Setup up some sort of callback to (re-)initiate a pre-decode.
Synthesize Complex Conditions
Pre-compute complex and/or heavily used conditions, and memoize them.
Shall the condition change during simulation, setup up some sort of callback to (re-)initiate the pre-compute / memoization.
State Machines
Hold complex systems in a single state identifier.
Callback methods when transitioning between states.
Code Size
Depending on the guest architecture, factorizing instruction behaviors helps restraining the code size of the simulator, thus avoiding trashing the host CPU cache.
Inlining
For key resources (esp. registers & memory), consider inlining code.

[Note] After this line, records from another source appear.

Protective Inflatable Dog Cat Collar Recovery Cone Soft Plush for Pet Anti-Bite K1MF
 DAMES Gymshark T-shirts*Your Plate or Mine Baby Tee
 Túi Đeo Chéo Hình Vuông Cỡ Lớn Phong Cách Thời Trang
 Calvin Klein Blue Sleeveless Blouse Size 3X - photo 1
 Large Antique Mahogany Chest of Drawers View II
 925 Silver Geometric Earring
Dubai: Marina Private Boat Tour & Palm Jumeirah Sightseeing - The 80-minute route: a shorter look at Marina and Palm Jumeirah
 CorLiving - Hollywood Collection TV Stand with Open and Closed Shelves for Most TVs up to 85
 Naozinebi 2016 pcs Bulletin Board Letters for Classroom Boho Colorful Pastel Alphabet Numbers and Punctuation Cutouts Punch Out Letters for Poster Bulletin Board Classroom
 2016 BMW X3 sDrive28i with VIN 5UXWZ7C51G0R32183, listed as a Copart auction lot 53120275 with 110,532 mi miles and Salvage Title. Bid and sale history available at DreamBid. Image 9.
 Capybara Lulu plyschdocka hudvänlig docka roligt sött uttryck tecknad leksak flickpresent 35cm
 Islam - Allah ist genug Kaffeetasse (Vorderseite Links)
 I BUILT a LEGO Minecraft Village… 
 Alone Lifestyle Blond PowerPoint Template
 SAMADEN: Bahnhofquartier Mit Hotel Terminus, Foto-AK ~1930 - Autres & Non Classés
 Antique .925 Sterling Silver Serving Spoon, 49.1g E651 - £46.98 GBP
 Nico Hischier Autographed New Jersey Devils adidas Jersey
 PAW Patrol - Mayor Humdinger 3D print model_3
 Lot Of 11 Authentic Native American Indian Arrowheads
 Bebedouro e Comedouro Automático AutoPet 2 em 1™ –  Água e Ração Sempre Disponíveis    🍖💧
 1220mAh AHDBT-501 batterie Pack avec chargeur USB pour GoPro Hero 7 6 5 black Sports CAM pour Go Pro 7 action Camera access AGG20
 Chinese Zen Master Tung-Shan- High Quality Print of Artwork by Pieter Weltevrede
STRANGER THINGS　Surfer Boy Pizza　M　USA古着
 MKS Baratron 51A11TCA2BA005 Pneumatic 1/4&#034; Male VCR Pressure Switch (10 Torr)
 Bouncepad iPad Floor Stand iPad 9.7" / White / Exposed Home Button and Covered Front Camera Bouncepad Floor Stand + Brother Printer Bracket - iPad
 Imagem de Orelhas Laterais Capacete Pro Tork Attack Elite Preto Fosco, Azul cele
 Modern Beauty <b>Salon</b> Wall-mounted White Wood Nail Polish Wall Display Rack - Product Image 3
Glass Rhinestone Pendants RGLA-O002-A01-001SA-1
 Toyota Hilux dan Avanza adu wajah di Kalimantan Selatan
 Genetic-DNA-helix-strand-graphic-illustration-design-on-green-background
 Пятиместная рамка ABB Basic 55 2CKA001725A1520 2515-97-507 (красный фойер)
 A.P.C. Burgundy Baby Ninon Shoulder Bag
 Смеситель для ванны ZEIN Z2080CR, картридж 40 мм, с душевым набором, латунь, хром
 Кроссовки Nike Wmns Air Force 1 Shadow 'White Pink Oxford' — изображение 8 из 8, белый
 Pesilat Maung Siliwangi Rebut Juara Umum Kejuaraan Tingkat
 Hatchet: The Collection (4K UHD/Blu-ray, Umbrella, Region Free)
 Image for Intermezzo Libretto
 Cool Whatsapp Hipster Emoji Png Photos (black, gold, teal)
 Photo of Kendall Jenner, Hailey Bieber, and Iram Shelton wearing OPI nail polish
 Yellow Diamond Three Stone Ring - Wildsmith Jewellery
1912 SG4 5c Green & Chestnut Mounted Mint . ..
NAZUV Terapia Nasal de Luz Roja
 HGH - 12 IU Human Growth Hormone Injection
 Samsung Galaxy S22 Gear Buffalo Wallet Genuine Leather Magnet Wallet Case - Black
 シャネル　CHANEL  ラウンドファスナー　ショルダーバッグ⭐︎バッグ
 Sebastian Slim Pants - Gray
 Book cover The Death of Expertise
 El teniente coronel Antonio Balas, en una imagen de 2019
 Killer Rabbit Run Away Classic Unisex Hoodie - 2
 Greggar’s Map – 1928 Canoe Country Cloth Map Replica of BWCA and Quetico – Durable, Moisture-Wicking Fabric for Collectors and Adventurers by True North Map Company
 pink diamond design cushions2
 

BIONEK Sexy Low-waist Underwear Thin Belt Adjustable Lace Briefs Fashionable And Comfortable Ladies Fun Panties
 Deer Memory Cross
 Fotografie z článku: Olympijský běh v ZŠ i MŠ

Whenever possible, do several implementation, benchmark them all, and decide fact-based.
Take advantage of gcc optimization flags to control inlining.
Profile
Profile the simulation main loop, optimize it.
Identify the most used paths in the code of the simulator, profile them, optimize them.
These will be called several billion times 😉
Know your C++
During simulation, beware of default constructors, affectation operators, casts, etc…
These can hold significant amount of code, including memory allocation.
Likewise destructors releasing memory.
Especially true for the STL.
Setup
Implement some sort of init(); or reset(); method, responsible for setting up the simulation.
Perform all the parsing, configuration, memory allocations, etc.. only once, at the beginning of the simulation.
Output
Identically, have some sort of terminate(); method responsible to output the outcome (eg. profile, dumps, ..) of the simulation.
Plugin
Modularize the extra features (eg. trace, debug, …) as plugins, keeping the core of the simulator lean and fit.
Implement these features in shared libraries, and load them dynamically on-demand.